Doc: typo in config.sgml

Started by Tatsuo Ishiiover 1 year ago70 messages

Jump to latest

Tatsuo Ishii

ishii@postgresql.org

over 1 year ago

I think there's an unnecessary underscore in config.sgml.
Attached patch fixes it.

Best reagards,
--
Tatsuo Ishii
SRA OSS K.K.
English: http://www.sraoss.co.jp/index_en/
Japanese:http://www.sraoss.co.jp

Yugo Nagata

nagata@sraoss.co.jp

over 1 year ago

In reply to: Tatsuo Ishii (#1)

Re: Doc: typo in config.sgml

On Mon, 30 Sep 2024 15:34:04 +0900 (JST)
Tatsuo Ishii <ishii@postgresql.org> wrote:

I think there's an unnecessary underscore in config.sgml.
Attached patch fixes it.

I could not apply the patch with an error.

error: patch failed: doc/src/sgml/config.sgml:9380
error: doc/src/sgml/config.sgml: patch does not apply

I found your patch contains an odd character (ASCII Code 240?)
by performing `od -c` command on the file. See the attached file.

Regards,
Yugo Nagata

Best reagards,
--
Tatsuo Ishii
SRA OSS K.K.
English: http://www.sraoss.co.jp/index_en/
Japanese:http://www.sraoss.co.jp

--
Yugo Nagata <nagata@sraoss.co.jp>

Tatsuo Ishii

ishii@postgresql.org

over 1 year ago

In reply to: Yugo Nagata (#2)

Re: Doc: typo in config.sgml

I think there's an unnecessary underscore in config.sgml.
Attached patch fixes it.

I could not apply the patch with an error.

error: patch failed: doc/src/sgml/config.sgml:9380
error: doc/src/sgml/config.sgml: patch does not apply

Strange. I have no problem applying the patch here.

I found your patch contains an odd character (ASCII Code 240?)
by performing `od -c` command on the file. See the attached file.

Yes, 240 in octal (== 0xc2) is in the patch but it's because current
config.sgml includes the character. You can check it by looking at
line 9383 of config.sgml.

I think it was introduced by 28e858c0f95.

Best reagards,
--
Tatsuo Ishii
SRA OSS K.K.
English: http://www.sraoss.co.jp/index_en/
Japanese:http://www.sraoss.co.jp

Yugo Nagata

nagata@sraoss.co.jp

over 1 year ago

In reply to: Tatsuo Ishii (#3)

Re: Doc: typo in config.sgml

On Mon, 30 Sep 2024 17:23:24 +0900 (JST)
Tatsuo Ishii <ishii@postgresql.org> wrote:

I think there's an unnecessary underscore in config.sgml.
Attached patch fixes it.

I could not apply the patch with an error.

error: patch failed: doc/src/sgml/config.sgml:9380
error: doc/src/sgml/config.sgml: patch does not apply

Strange. I have no problem applying the patch here.

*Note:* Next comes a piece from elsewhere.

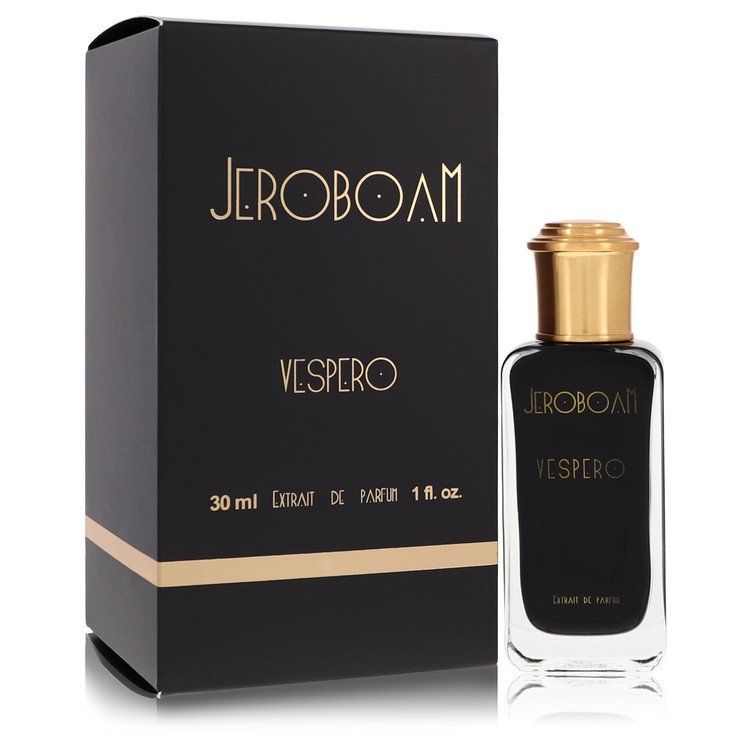 Jeroboam Vespero Extrait de Parfum 30ml von Jeroboam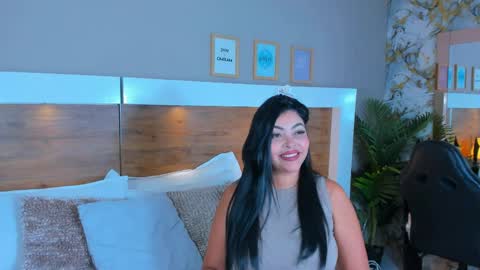 Emma  online show from May 13, 7:47 am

I found your patch contains an odd character (ASCII Code 240?)
by performing `od -c` command on the file. See the attached file.

Yes, 240 in octal (== 0xc2) is in the patch but it's because current
config.sgml includes the character. You can check it by looking at
line 9383 of config.sgml.

Yes, you are right, I can find the 0xc2 char in config.sgml using od -c,
although I still could not apply the patch.

I think this is non-breaking space of (C2A0) of utf-8. I guess my
terminal normally regards this as a space, so applying patch fails.

I found it also in line 85 of ref/drop_extension.sgml.

I think it was introduced by 28e858c0f95.

Best reagards,
--
Tatsuo Ishii
SRA OSS K.K.
English: http://www.sraoss.co.jp/index_en/
Japanese:http://www.sraoss.co.jp

--
Yugo NAGATA <nagata@sraoss.co.jp>

Tatsuo Ishii

ishii@postgresql.org

over 1 year ago

In reply to: Tatsuo Ishii (#3)

Re: Doc: typo in config.sgml

I think there's an unnecessary underscore in config.sgml.

I was wrong. The particular byte sequences just looked an underscore
on my editor but the byte sequence is actually 0xc2a0, which must be a
"non breaking space" encoded in UTF-8. I guess someone mistakenly
insert a non breaking space while editing config.sgml.

However the mistake does not affect the patch.

Best reagards,
--
Tatsuo Ishii
SRA OSS K.K.
English: http://www.sraoss.co.jp/index_en/
Japanese:http://www.sraoss.co.jp

Yugo Nagata

nagata@sraoss.co.jp

over 1 year ago

In reply to: Tatsuo Ishii (#5)

Re: Doc: typo in config.sgml

On Mon, 30 Sep 2024 18:03:44 +0900 (JST)
Tatsuo Ishii <ishii@postgresql.org> wrote:

I think there's an unnecessary underscore in config.sgml.

I was wrong. The particular byte sequences just looked an underscore
on my editor but the byte sequence is actually 0xc2a0, which must be a
"non breaking space" encoded in UTF-8. I guess someone mistakenly
insert a non breaking space while editing config.sgml.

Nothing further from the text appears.